*Required action:* Could you output only the lines from the one containing "Planderful Vienna Verve" through the last line of the data, both included?

··· Data to examine ···

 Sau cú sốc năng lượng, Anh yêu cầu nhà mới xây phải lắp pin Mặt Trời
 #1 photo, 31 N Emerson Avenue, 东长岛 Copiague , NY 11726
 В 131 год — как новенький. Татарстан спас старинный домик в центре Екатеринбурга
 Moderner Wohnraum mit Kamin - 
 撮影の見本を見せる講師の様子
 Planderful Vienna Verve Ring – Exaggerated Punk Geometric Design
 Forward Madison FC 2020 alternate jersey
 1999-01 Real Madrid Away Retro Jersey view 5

···

*Answer for this exercise:*
 Planderful Vienna Verve Ring – Exaggerated Punk Geometric Design
 Forward Madison FC 2020 alternate jersey
 1999-01 Real Madrid Away Retro Jersey view 5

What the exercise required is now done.